Organisations agree to clarify roles dealing with cyber attacks

The CYBERUK conference is taking place for a second day in Glasgow Credit: Andrew Milligan/PA

Two organisations have announced steps to make it easier for people and organisations to know which authority to deal with if they are the victim of a cyber attack.

The National Cyber Security Centre (NCSC) and the Information Commissioner’s Office (ICO) have agreed a new understanding aimed at clarifying their distinct roles in such events.

NCSC chief executive Ciaran Martin and ICO deputy commissioner James Dipple-Johnstone outlined the new agreement as they prepared to take part in the second day of the annual CYBERUK conference in Glasgow.

The NCSC manages cyber incidents of national importance, helping with the response and learning lessons to help deter future attacks.
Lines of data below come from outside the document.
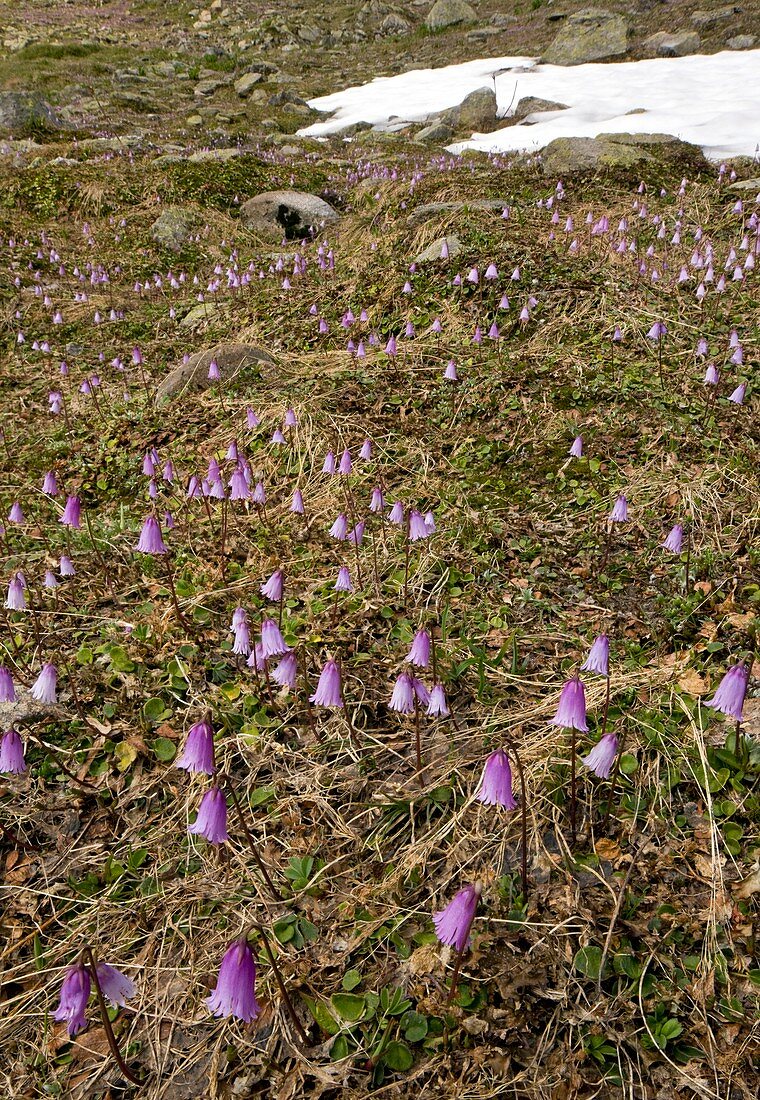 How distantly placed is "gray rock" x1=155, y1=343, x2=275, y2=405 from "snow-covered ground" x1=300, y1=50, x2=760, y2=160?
38.2 feet

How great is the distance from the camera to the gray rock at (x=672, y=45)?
80.7ft

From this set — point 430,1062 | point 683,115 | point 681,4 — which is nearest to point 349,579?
point 430,1062

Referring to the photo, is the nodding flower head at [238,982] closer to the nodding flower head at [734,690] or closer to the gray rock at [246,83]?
the nodding flower head at [734,690]

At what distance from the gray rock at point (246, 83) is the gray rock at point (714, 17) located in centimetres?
1918

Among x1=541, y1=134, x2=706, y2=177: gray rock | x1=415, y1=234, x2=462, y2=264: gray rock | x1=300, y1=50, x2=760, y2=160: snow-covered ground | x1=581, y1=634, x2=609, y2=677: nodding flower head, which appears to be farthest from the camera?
x1=300, y1=50, x2=760, y2=160: snow-covered ground

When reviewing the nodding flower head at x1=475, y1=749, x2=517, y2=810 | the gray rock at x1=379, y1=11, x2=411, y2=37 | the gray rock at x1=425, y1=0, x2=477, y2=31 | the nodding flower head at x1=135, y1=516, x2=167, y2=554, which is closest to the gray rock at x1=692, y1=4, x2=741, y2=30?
the gray rock at x1=425, y1=0, x2=477, y2=31

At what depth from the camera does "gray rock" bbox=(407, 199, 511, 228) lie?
8953 mm

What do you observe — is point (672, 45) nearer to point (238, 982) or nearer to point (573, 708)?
point (573, 708)

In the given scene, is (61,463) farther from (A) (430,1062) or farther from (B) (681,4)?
(B) (681,4)

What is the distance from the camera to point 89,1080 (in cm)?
204

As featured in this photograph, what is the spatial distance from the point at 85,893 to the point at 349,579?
6.29 ft

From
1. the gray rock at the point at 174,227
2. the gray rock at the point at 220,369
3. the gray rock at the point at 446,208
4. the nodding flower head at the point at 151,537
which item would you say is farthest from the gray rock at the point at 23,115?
the nodding flower head at the point at 151,537

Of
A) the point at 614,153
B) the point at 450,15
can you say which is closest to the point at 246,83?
the point at 450,15

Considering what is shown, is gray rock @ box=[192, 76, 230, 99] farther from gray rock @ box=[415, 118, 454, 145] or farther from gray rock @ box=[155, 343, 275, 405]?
gray rock @ box=[155, 343, 275, 405] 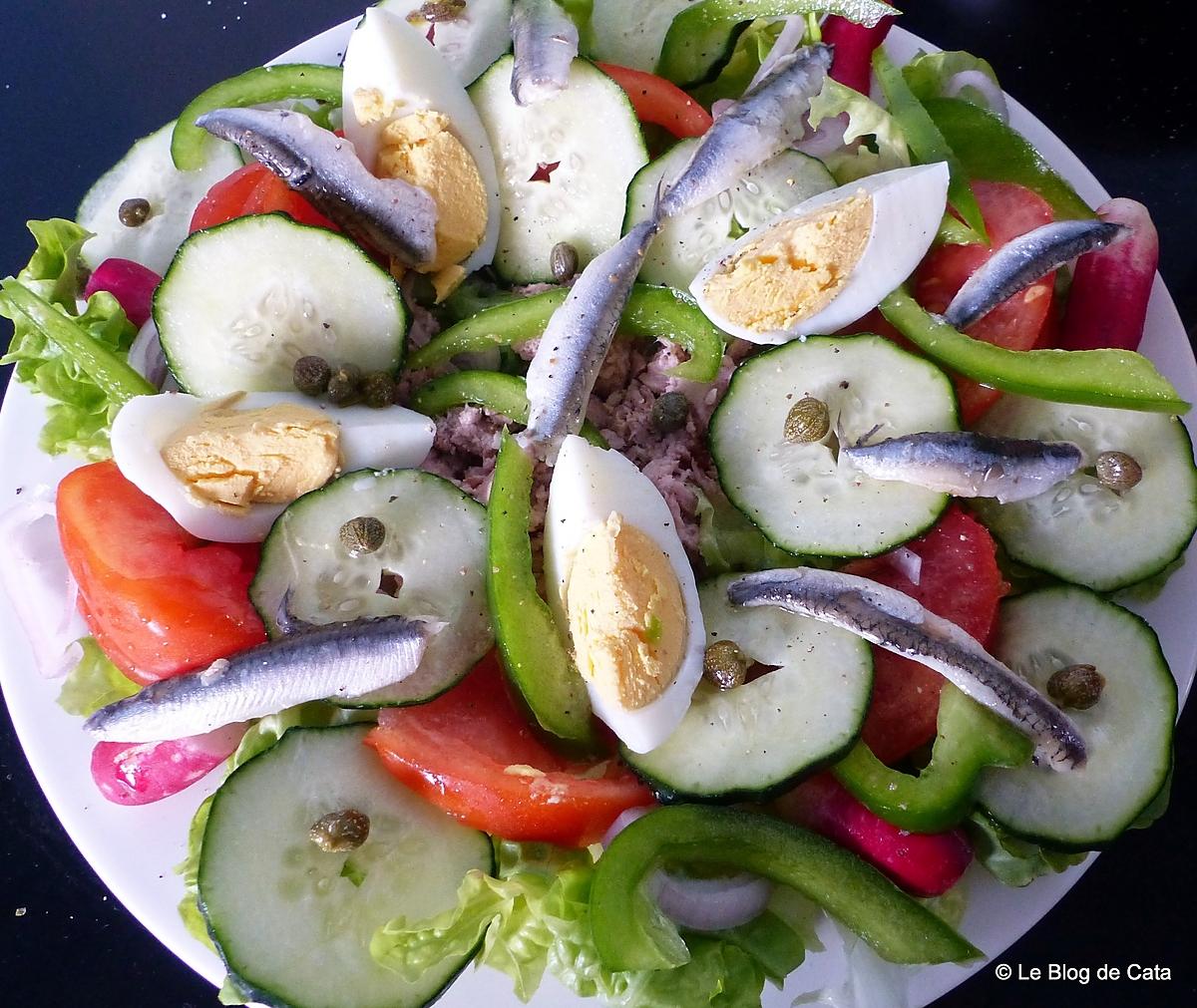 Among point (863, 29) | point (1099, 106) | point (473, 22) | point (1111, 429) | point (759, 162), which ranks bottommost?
point (1111, 429)

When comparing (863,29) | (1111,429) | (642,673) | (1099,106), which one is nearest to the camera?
(642,673)

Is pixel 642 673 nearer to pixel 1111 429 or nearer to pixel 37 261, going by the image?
pixel 1111 429

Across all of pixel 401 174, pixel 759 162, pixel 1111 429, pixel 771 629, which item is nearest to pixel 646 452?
pixel 771 629

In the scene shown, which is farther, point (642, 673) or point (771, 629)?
point (771, 629)

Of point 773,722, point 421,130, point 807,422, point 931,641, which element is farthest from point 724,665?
point 421,130

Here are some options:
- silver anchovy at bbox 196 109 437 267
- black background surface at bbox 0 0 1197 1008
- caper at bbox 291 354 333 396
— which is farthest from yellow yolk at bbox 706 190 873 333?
black background surface at bbox 0 0 1197 1008

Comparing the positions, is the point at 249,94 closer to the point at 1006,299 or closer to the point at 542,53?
the point at 542,53

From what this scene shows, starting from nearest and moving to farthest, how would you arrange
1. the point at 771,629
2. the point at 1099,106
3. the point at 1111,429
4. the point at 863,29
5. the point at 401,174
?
the point at 771,629
the point at 1111,429
the point at 401,174
the point at 863,29
the point at 1099,106

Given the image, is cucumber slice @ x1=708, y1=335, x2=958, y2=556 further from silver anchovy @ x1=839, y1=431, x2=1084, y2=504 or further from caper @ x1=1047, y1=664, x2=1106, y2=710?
caper @ x1=1047, y1=664, x2=1106, y2=710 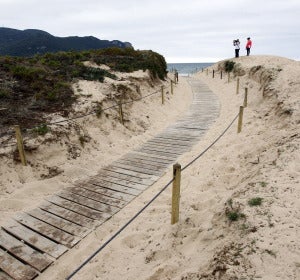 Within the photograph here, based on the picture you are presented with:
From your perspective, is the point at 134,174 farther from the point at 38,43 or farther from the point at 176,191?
the point at 38,43

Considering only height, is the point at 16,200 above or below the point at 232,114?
below

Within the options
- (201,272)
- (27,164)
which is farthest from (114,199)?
(201,272)

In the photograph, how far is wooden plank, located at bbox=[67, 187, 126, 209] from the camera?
6.31 m

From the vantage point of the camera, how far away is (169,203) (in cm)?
595

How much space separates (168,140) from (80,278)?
6.89 meters

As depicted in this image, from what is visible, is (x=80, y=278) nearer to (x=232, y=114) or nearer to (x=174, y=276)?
(x=174, y=276)

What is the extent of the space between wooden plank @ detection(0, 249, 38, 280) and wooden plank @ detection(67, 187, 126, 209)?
2220 millimetres

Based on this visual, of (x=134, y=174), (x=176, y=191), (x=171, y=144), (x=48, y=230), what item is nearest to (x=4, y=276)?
(x=48, y=230)

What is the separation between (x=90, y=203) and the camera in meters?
6.34

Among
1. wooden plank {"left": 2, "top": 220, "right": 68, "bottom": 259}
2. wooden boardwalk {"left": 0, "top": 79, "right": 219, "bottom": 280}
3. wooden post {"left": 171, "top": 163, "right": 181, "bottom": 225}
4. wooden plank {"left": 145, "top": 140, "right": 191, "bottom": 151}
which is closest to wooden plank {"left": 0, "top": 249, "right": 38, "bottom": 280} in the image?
wooden boardwalk {"left": 0, "top": 79, "right": 219, "bottom": 280}

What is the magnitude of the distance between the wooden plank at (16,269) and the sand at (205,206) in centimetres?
26

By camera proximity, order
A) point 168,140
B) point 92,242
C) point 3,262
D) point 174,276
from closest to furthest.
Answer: point 174,276 < point 3,262 < point 92,242 < point 168,140

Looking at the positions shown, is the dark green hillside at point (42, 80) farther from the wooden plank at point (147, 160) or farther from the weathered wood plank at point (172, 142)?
the weathered wood plank at point (172, 142)

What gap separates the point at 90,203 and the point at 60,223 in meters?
0.89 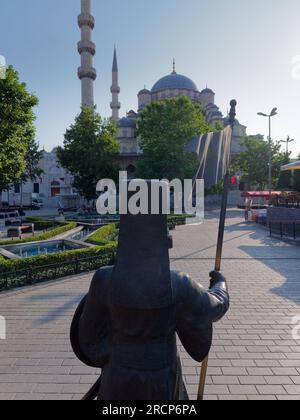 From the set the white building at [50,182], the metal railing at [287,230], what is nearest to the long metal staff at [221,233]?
the metal railing at [287,230]

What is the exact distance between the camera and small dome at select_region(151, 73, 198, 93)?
214 feet

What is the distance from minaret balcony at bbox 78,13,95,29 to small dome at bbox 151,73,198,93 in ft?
95.8

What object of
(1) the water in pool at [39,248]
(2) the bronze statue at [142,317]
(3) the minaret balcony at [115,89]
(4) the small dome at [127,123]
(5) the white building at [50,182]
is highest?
(3) the minaret balcony at [115,89]

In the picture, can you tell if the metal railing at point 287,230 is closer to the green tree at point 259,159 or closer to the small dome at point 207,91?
the green tree at point 259,159

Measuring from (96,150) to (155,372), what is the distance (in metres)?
32.4

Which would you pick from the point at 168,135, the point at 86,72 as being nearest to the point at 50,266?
the point at 168,135

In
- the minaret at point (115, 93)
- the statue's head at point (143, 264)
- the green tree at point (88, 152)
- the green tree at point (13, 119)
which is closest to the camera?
the statue's head at point (143, 264)

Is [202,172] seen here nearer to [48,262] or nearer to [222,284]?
[222,284]

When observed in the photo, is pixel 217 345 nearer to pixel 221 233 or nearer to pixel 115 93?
pixel 221 233

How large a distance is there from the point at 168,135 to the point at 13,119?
831 inches

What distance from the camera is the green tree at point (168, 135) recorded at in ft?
107

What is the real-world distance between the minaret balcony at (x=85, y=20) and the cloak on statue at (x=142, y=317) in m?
44.5

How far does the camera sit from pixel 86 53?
3884 centimetres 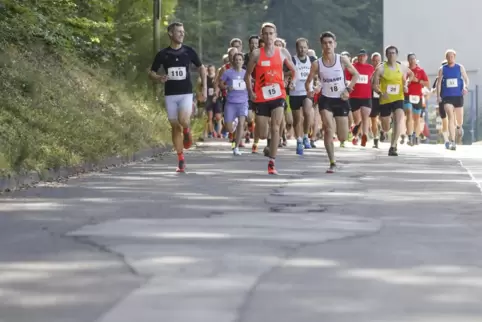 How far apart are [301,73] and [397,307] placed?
62.2 feet

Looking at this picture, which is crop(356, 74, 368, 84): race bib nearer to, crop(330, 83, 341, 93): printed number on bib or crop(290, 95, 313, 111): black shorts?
crop(290, 95, 313, 111): black shorts

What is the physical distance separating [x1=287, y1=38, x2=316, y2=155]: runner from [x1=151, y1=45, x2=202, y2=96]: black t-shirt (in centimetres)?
605

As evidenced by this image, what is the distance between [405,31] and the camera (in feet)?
226

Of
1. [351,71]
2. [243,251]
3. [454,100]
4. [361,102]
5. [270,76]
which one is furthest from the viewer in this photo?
[361,102]

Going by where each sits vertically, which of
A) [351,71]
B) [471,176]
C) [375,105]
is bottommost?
[471,176]

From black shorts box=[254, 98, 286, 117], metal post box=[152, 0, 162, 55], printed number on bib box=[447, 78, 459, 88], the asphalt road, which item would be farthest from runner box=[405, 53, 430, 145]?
the asphalt road

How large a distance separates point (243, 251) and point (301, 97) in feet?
55.8

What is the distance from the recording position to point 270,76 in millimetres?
19828

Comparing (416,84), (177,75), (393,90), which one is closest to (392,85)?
(393,90)

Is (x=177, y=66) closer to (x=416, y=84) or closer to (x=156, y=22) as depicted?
(x=416, y=84)

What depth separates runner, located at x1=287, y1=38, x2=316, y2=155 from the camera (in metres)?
26.3

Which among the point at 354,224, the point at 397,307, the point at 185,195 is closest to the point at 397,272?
the point at 397,307

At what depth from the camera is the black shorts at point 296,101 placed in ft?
88.0

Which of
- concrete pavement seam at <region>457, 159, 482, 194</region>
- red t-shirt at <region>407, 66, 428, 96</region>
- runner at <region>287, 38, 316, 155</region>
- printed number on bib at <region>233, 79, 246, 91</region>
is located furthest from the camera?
red t-shirt at <region>407, 66, 428, 96</region> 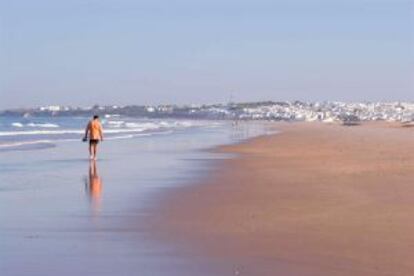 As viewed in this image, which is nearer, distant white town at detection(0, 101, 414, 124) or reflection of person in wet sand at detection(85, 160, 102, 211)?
reflection of person in wet sand at detection(85, 160, 102, 211)

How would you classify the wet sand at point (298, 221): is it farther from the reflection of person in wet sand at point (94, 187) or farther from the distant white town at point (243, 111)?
the distant white town at point (243, 111)

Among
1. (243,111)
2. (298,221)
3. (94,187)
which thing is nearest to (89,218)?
(298,221)

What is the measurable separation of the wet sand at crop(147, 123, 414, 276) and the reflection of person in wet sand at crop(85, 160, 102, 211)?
1.05 m

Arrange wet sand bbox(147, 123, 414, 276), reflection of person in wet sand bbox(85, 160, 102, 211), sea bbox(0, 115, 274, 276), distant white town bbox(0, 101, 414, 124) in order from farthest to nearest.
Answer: distant white town bbox(0, 101, 414, 124) → reflection of person in wet sand bbox(85, 160, 102, 211) → wet sand bbox(147, 123, 414, 276) → sea bbox(0, 115, 274, 276)

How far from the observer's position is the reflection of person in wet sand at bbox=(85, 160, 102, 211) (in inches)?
521

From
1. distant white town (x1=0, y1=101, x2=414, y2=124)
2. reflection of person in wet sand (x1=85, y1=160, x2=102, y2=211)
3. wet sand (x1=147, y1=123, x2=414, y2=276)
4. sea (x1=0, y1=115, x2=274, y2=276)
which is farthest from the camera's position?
distant white town (x1=0, y1=101, x2=414, y2=124)

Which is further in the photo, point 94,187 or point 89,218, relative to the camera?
point 94,187

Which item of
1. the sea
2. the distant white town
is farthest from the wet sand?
the distant white town

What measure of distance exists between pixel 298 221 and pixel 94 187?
5951 mm

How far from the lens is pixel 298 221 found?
10.9 metres

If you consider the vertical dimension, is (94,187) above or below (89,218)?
below

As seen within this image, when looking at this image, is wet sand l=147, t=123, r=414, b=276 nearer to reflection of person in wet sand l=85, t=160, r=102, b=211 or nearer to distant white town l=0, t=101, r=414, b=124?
reflection of person in wet sand l=85, t=160, r=102, b=211

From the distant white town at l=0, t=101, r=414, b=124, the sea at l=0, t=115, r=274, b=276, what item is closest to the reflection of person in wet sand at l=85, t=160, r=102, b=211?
the sea at l=0, t=115, r=274, b=276

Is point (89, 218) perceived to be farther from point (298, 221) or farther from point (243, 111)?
point (243, 111) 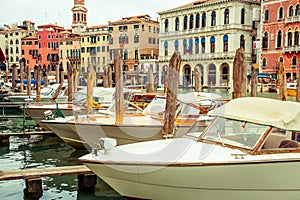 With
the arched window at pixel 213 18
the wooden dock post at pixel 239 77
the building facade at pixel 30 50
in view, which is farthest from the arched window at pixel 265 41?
the building facade at pixel 30 50

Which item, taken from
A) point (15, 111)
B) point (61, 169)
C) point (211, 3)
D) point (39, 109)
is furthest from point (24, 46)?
point (61, 169)

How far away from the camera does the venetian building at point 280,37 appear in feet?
110

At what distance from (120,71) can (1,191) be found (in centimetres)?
497

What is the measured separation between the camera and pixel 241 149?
5.62 meters

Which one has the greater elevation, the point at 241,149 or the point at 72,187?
the point at 241,149

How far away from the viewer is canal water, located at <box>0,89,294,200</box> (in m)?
7.29

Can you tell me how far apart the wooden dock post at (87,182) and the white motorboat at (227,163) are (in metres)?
1.41

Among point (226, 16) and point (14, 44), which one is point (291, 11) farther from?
point (14, 44)

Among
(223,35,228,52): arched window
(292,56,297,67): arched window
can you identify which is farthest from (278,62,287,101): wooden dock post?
(223,35,228,52): arched window

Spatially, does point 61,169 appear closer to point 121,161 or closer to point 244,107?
point 121,161

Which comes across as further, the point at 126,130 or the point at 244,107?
the point at 126,130

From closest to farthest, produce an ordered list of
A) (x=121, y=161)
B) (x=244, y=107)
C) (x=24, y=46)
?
(x=121, y=161) → (x=244, y=107) → (x=24, y=46)

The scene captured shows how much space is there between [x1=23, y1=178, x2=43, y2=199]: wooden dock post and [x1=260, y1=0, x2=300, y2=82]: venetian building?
1132 inches

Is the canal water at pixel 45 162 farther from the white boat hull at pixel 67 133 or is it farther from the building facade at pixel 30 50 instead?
the building facade at pixel 30 50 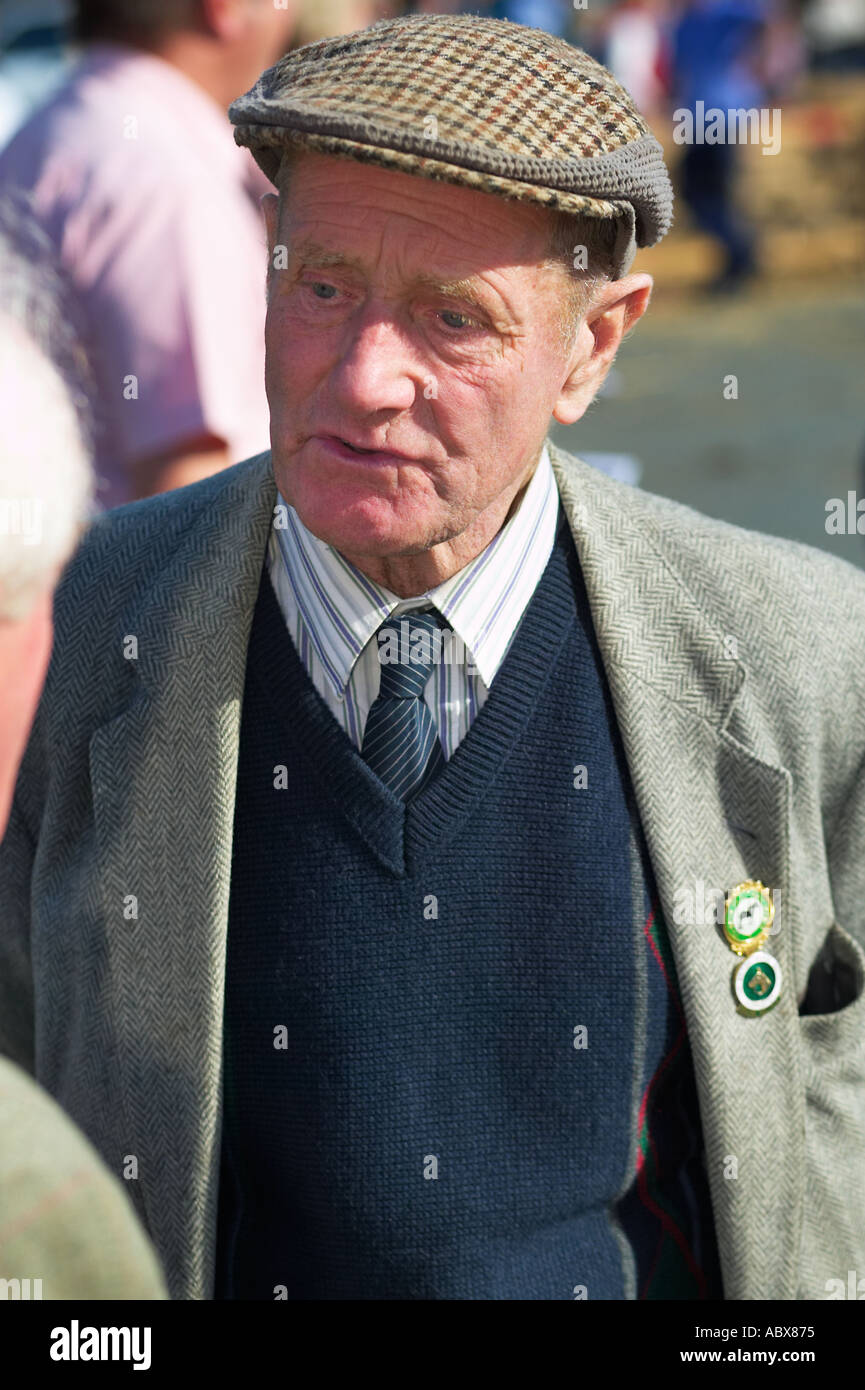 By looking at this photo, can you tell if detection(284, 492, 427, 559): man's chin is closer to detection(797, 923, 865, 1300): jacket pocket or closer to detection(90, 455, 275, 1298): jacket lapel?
detection(90, 455, 275, 1298): jacket lapel

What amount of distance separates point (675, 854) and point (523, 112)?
0.85 meters

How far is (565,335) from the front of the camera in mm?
1949

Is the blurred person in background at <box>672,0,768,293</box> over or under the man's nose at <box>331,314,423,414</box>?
over

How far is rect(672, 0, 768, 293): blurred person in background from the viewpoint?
1144cm

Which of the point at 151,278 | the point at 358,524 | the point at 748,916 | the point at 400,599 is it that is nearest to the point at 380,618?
the point at 400,599

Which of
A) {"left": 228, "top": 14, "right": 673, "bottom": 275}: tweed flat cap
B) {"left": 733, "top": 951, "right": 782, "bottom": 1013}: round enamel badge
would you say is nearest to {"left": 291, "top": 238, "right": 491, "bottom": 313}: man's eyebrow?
{"left": 228, "top": 14, "right": 673, "bottom": 275}: tweed flat cap

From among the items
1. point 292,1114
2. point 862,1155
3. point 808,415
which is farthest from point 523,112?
point 808,415

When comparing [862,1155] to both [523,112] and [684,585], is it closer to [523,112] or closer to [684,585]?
[684,585]

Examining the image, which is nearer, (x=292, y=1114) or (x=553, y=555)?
(x=292, y=1114)

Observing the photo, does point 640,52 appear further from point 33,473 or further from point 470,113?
point 33,473

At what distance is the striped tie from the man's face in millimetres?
131

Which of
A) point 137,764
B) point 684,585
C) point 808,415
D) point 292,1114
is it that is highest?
point 808,415

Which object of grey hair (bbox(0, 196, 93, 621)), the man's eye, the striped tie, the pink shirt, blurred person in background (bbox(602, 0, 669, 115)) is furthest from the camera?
blurred person in background (bbox(602, 0, 669, 115))

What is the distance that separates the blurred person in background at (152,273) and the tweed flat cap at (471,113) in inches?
35.6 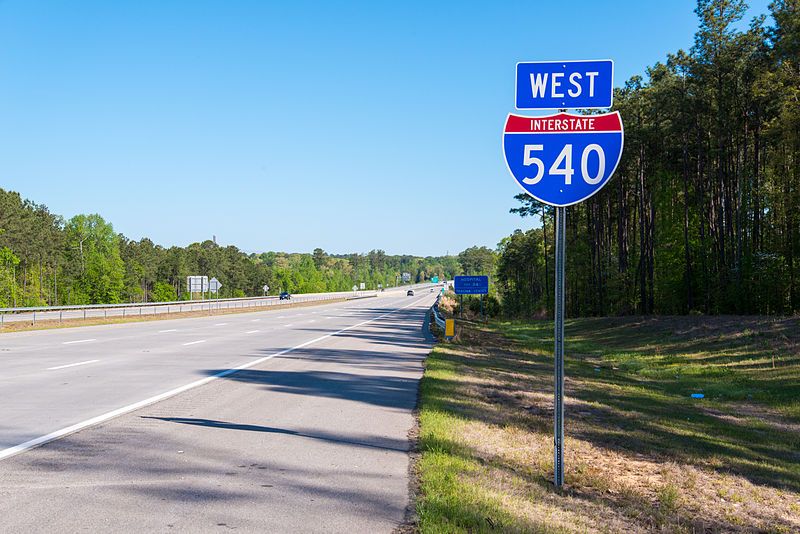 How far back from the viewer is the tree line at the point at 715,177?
35344 millimetres

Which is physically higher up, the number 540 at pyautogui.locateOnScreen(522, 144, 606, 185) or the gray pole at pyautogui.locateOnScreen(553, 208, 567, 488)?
the number 540 at pyautogui.locateOnScreen(522, 144, 606, 185)

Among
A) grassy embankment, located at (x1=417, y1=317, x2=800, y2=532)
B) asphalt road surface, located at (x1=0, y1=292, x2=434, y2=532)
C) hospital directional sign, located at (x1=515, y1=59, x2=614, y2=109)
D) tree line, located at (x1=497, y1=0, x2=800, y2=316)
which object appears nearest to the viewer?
asphalt road surface, located at (x1=0, y1=292, x2=434, y2=532)

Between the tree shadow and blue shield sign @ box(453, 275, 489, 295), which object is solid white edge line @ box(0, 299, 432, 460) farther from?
blue shield sign @ box(453, 275, 489, 295)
The ICO is the independent regulator for the enforcement of data protection rules and is the authority to be notified when organisations suffer cyber attacks.

Under the commitment, the NCSC has agreed to engage directly with victims and to provide free and confidential advice.

It will also encourage impacted organisations to meet their requirements under the General Data Protection Regulation (GDPR).

Meanwhile, part of the ICO’s role will be to establish circumstances of the incident, making sure that organisations have adequately protected any personal data put at risk.

Both organisations will share anonymised information with each other.

Mr Martin said: “This framework will enable both organisations to best serve the UK during data breaches, while respecting each other’s remits and responsibilities.”

Mr Dipple-Johnstone added: “The NCSC has an important role to play in keeping UK organisations safe online, while our role reflects the impact cyber incidents have on the people whose personal data is lost, stolen or compromised.”